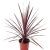 Pálmaliliom Cordyline fruticosa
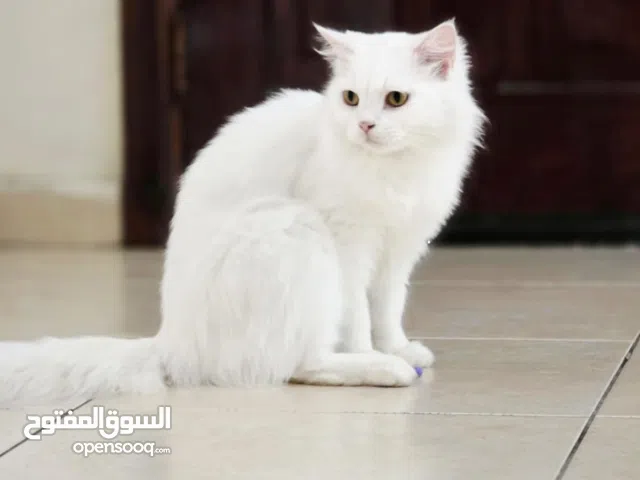 قطة أنثى للتبني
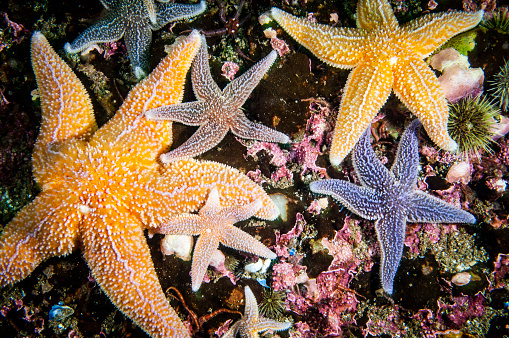 Common starfish underwater hunting for blue mussels in the St. Lawrence River
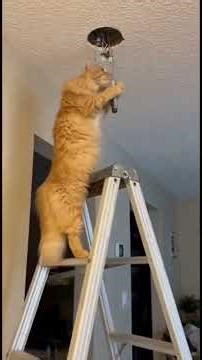 When Your IT Department Is a Cat 🐱💻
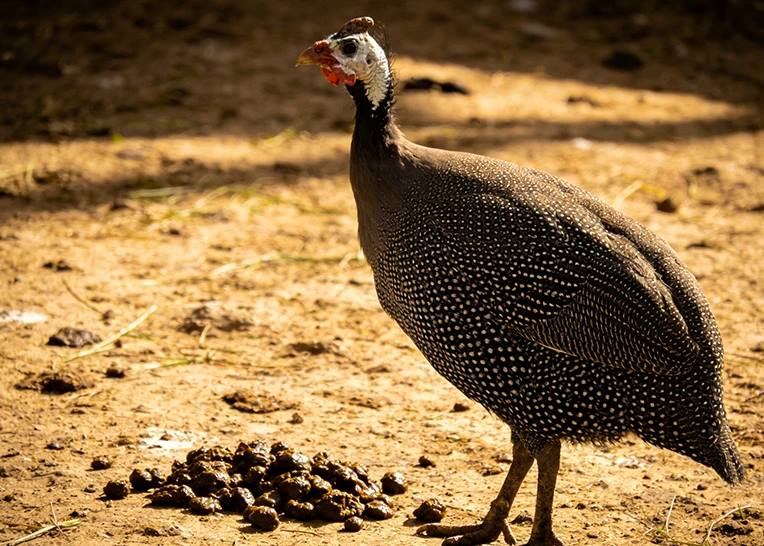 Guinea fowl manure fertilizer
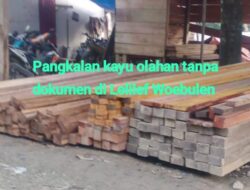 Pangkalan Kayu Ilegal di Lelilef Woebulen Merajalela, Balai Biarkan Negara Merugi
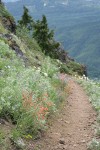 Scarlet Gilia, Yarrow along trail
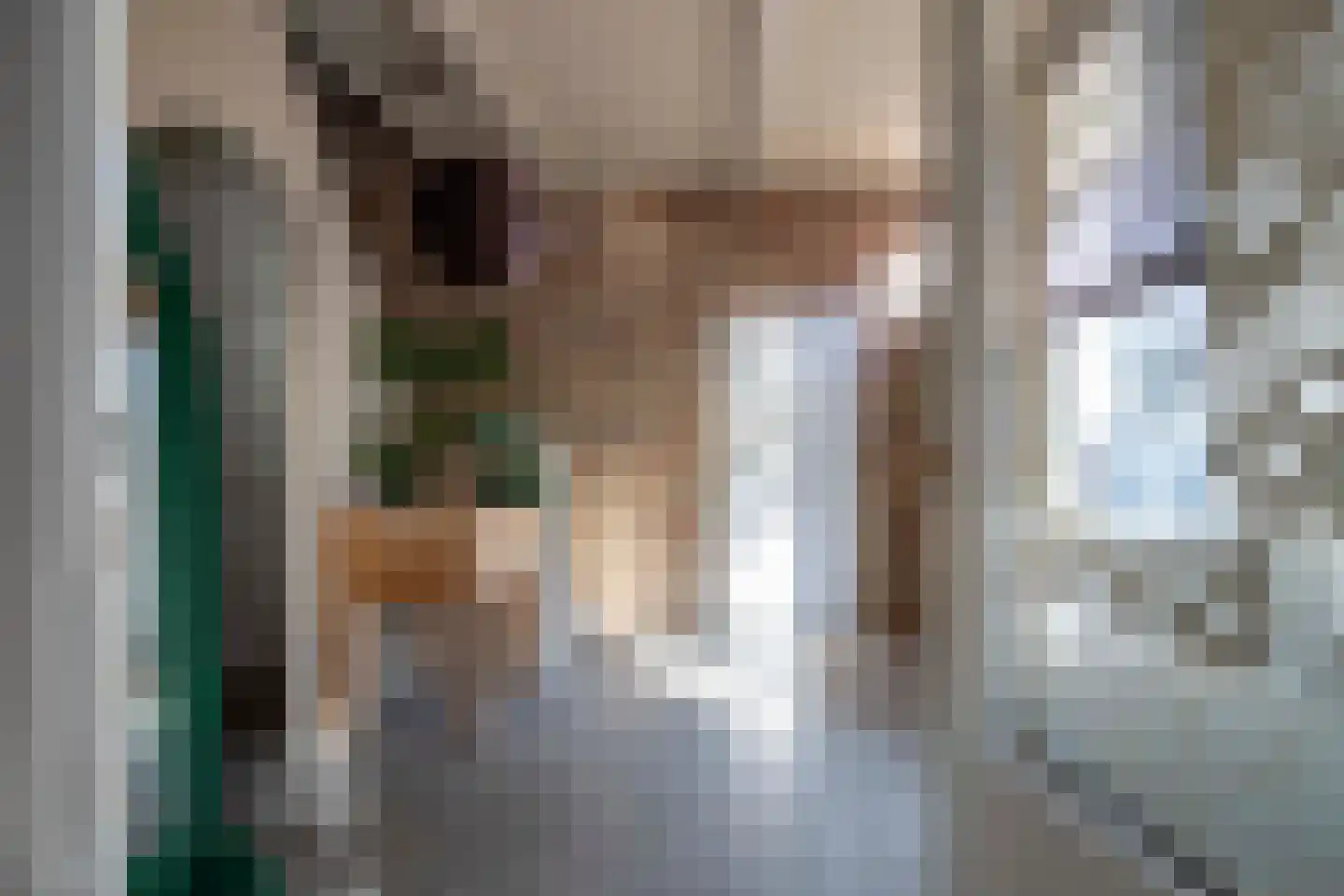Langestraat 76 Genemuiden thumbnail 10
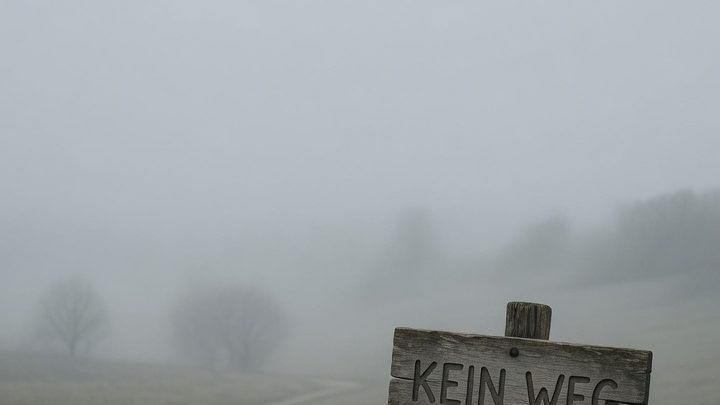 Keine Ausgangsgeschichte im aktuellen Dialog vorhanden, deshalb kann keine dramatische deutsche Neufassung ohne erfundene Inhalte erstellt werden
================
:: Task prompt ::
Pictures in the records above are left out; print everything else exactly as written.

:: Answer box ::
 Pálmaliliom Cordyline fruticosa
 قطة أنثى للتبني
 Common starfish underwater hunting for blue mussels in the St. Lawrence River
 When Your IT Department Is a Cat 🐱💻
 Guinea fowl manure fertilizer
 Pangkalan Kayu Ilegal di Lelilef Woebulen Merajalela, Balai Biarkan Negara Merugi
 Scarlet Gilia, Yarrow along trail
Langestraat 76 Genemuiden thumbnail 10
 Keine Ausgangsgeschichte im aktuellen Dialog vorhanden, deshalb kann keine dramatische deutsche Neufassung ohne erfundene Inhalte erstellt werden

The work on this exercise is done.